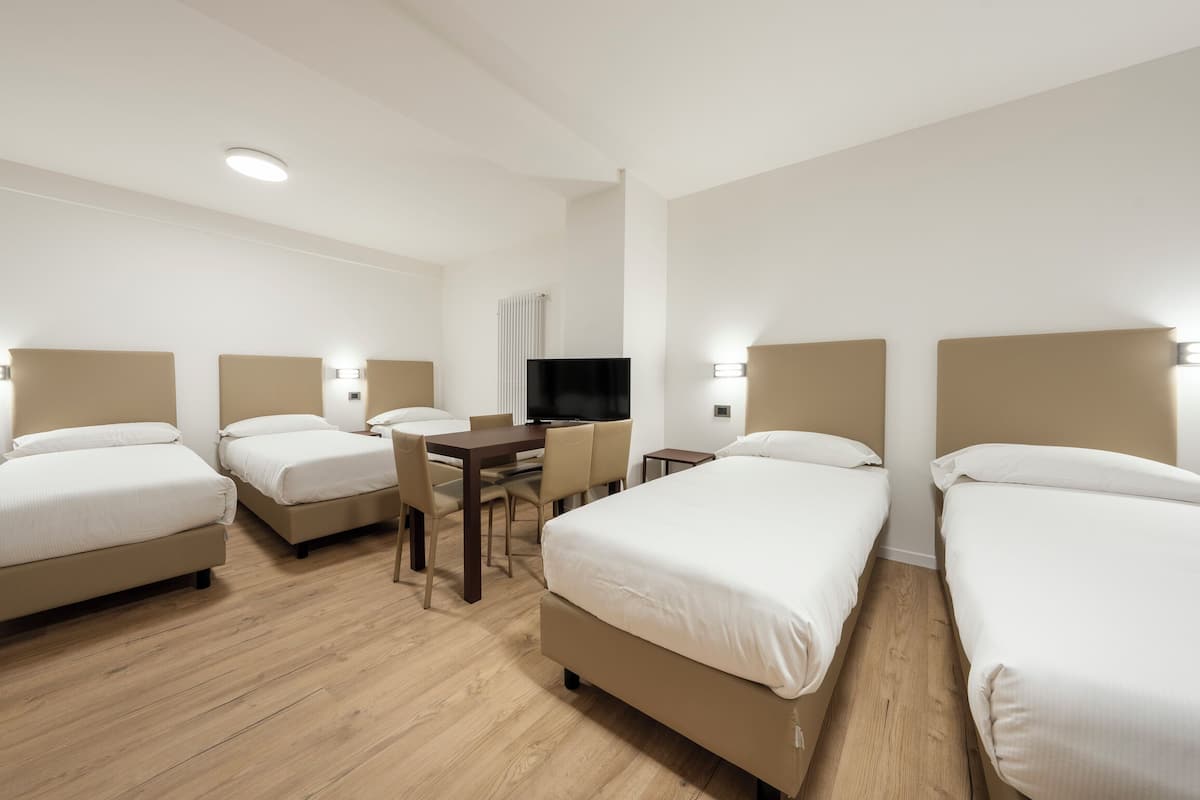 Ein Hotelzimmer mit vier Betten, einem Schreibtisch, einem Sessel, einem Fernseher und einer Heizung.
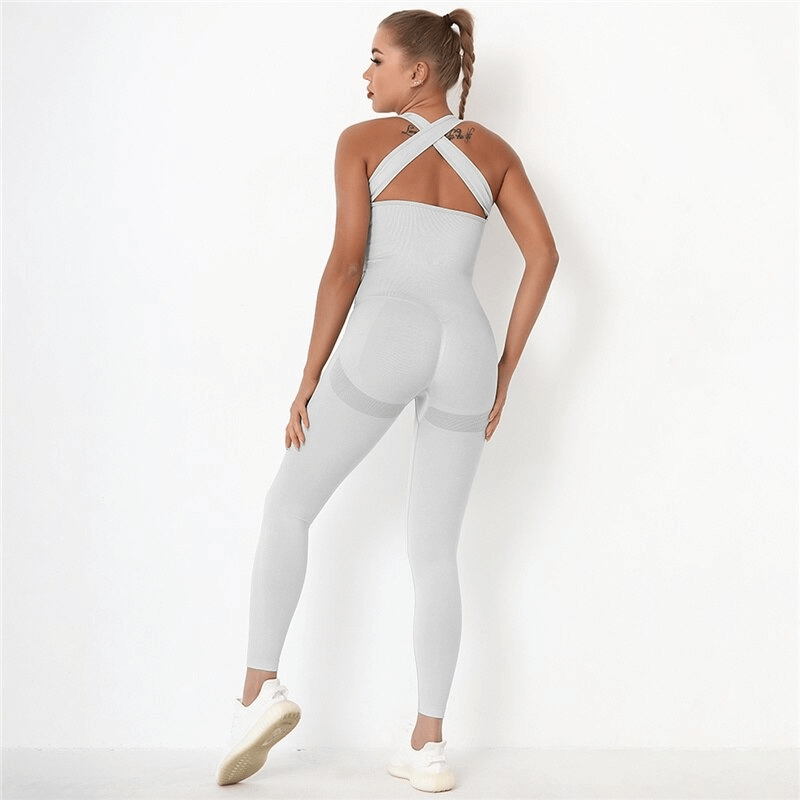 Woman wearing high waist seamless bodysuit with push-up effect for gym, emphasizing comfort and style in light grey.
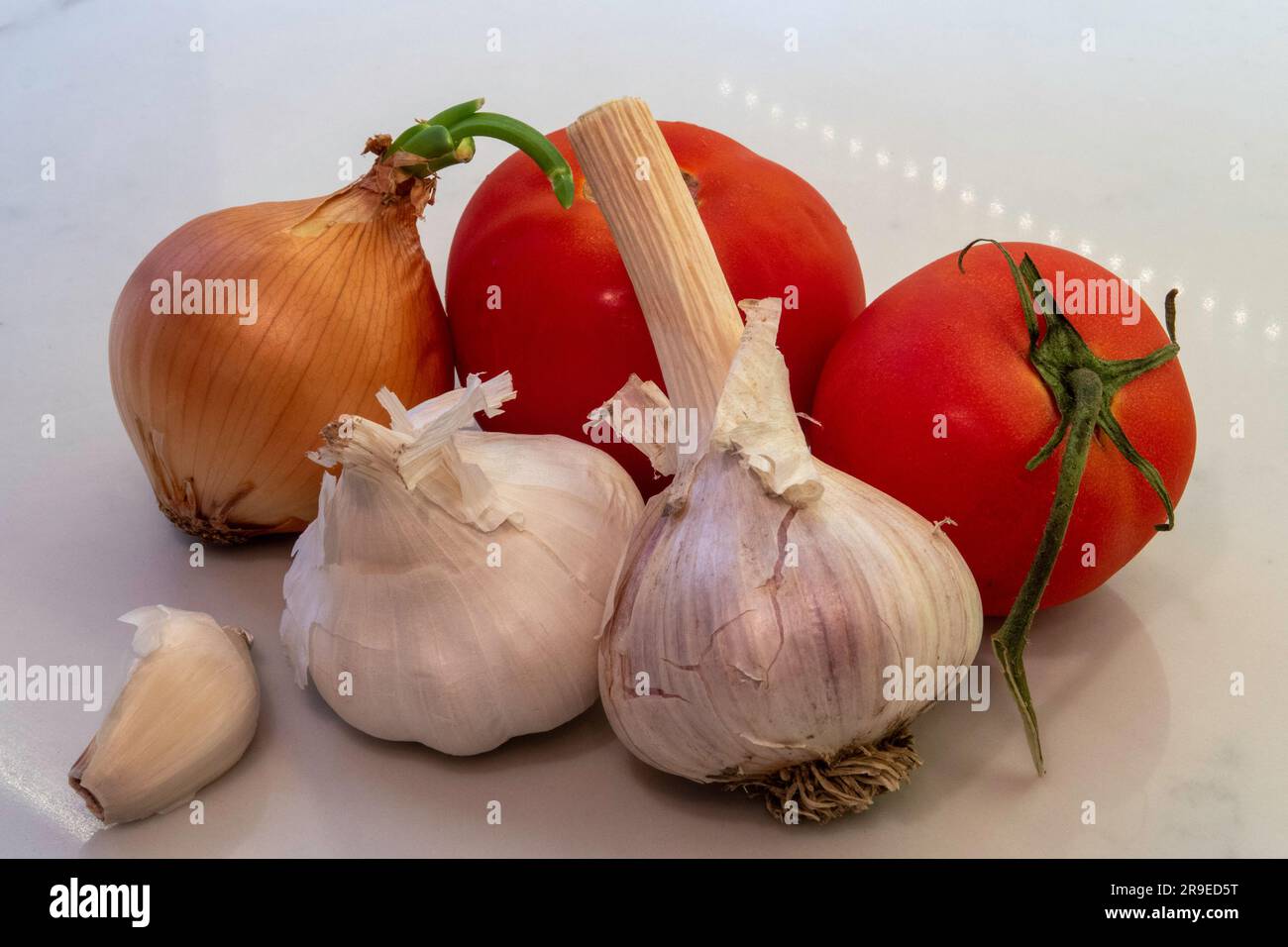 Still life of garlic, onion, and vine, ripened tomatoes on the kitchen counter, 2023, USA Stock Photo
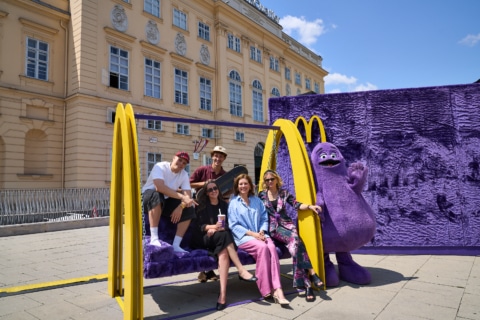 Gruppe von fünf Menschen, die auf einer schwingenden Bank mit dem McDonald's-Maskottchen Grimace posieren, vor einem historischen Gebäude an einem sonnigen Tag.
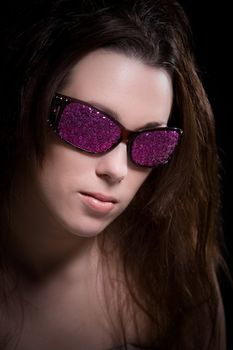 Woman with sunglasses covered in pink glitter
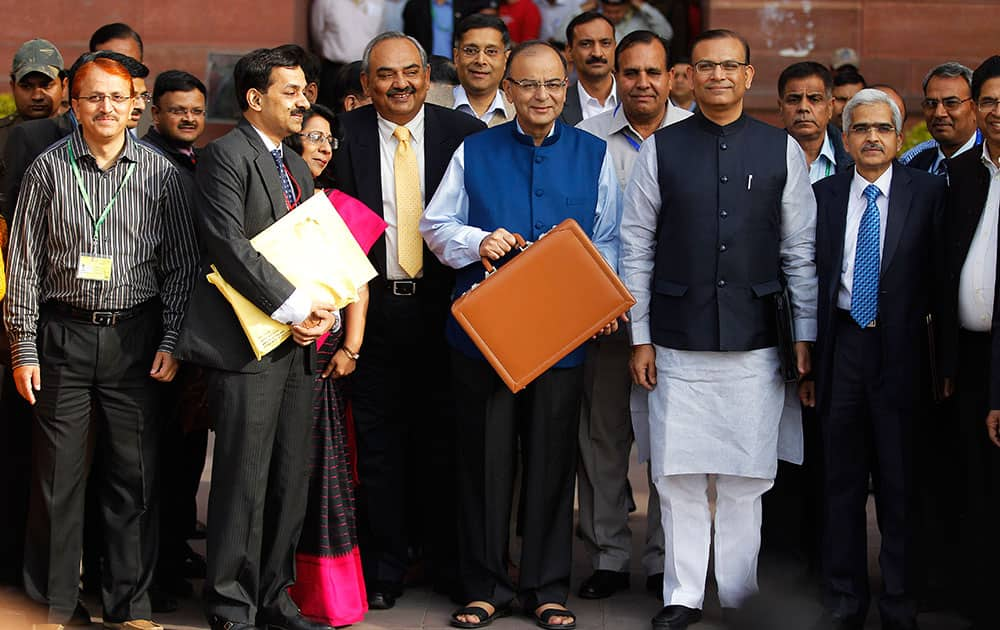 Finance Minister Arun Jaitley, center in blue jacket, display a briefcase containing union budget for the year 2015-16 as he leaves his office for Parliament to present the union budget in New Delhi, India.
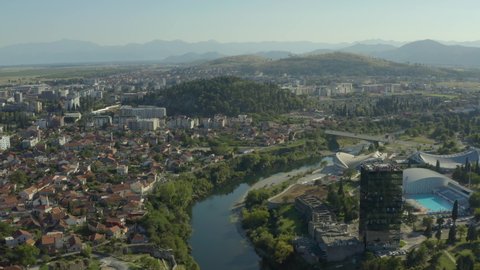 Podgorica, Montenegro - August, 2020: aerial view of Podgorica capital city of Montenegro. Drone shot on a panorama of the city where you can see the river bridges and the old city.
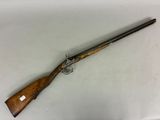 un fusil avec une poignée en bois sur une surface blanche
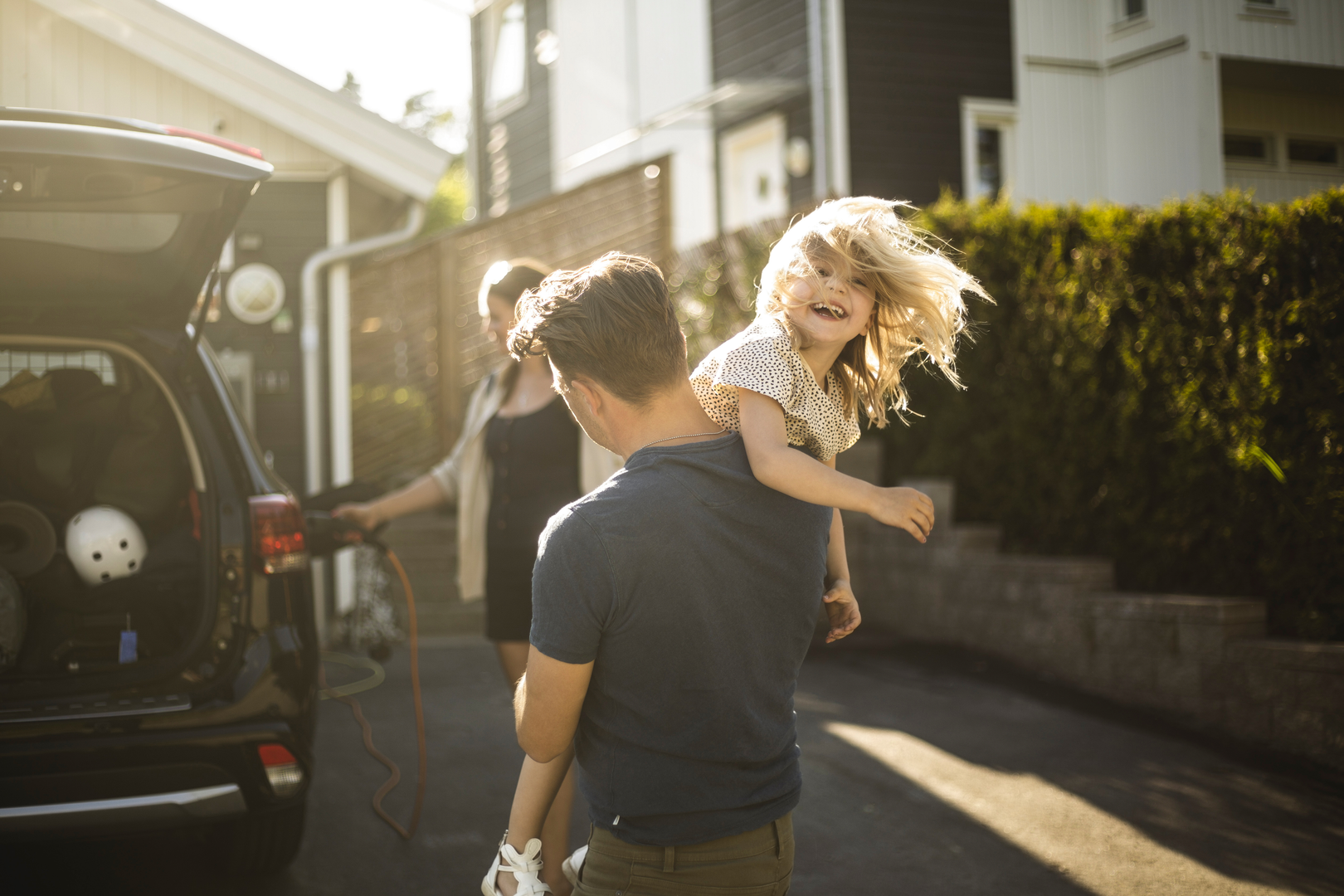 Foto av mann som bærer et smilende barn på skulderen. I bakgrunnen står mamma ved bilen og holder i ladeledningen.
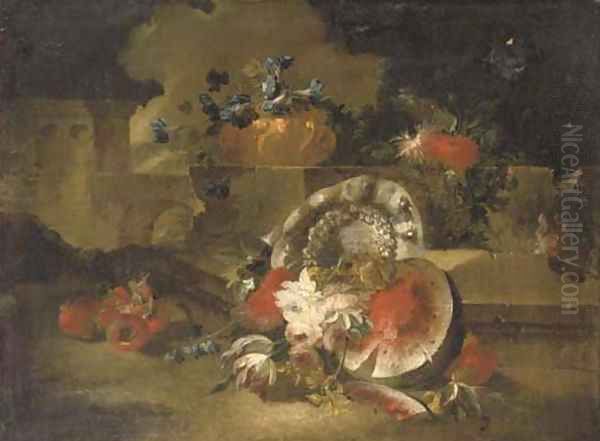 A sliced watermelon, pomegranates, roses, tulips and other flowers near a stone wall in a landscape - view 1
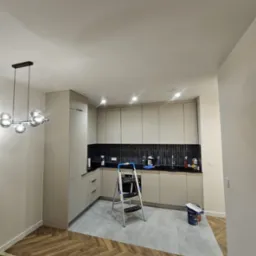 Jasna kuchnia po remoncie z drabinką malarską, widok na świeżo pomalowane ściany i nowoczesne oświetlenie. Podłoga częściowo zabezpieczona taśmą malarską.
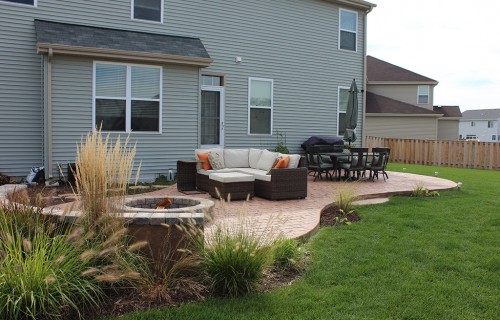 https://www.budsconcreteinc.com/wp-content/uploads/2016/03/Mayan-Cobblestone-Patio-with-Unilock-Firepit-and-Seat-Wall-2-500x320.jpg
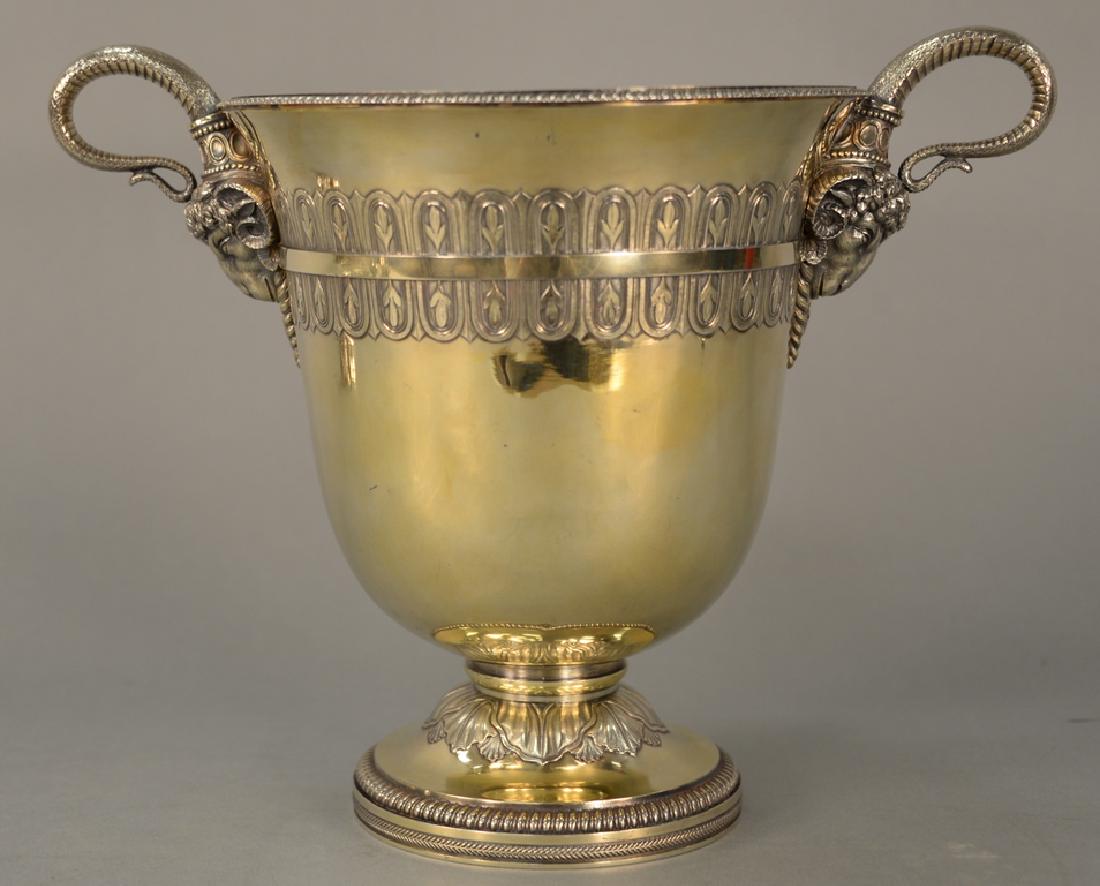 Benjamin Smith silver gilt wine cooler having snake: Benjamin Smith silver gilt wine cooler having snake style handles with large ram heads and band surround over oval chased leaves on round gadrooned and dart base, Shrewsbury 1813 in body, foot marked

WORK INSTRUCTION
Exactly the lines from the one with "Podgorica, Montenegro - August, 2020: aerial" through the end of the records should be written out, and only those. Pictures do not belong in the copy.

WRITTEN ANSWER
 Podgorica, Montenegro - August, 2020: aerial view of Podgorica capital city of Montenegro. Drone shot on a panorama of the city where you can see the river bridges and the old city.
 un fusil avec une poignée en bois sur une surface blanche
 Foto av mann som bærer et smilende barn på skulderen. I bakgrunnen står mamma ved bilen og holder i ladeledningen.
 A sliced watermelon, pomegranates, roses, tulips and other flowers near a stone wall in a landscape - view 1
 Jasna kuchnia po remoncie z drabinką malarską, widok na świeżo pomalowane ściany i nowoczesne oświetlenie. Podłoga częściowo zabezpieczona taśmą malarską.
 https://www.budsconcreteinc.com/wp-content/uploads/2016/03/Mayan-Cobblestone-Patio-with-Unilock-Firepit-and-Seat-Wall-2-500x320.jpg
 Benjamin Smith silver gilt wine cooler having snake: Benjamin Smith silver gilt wine cooler having snake style handles with large ram heads and band surround over oval chased leaves on round gadrooned and dart base, Shrewsbury 1813 in body, foot marked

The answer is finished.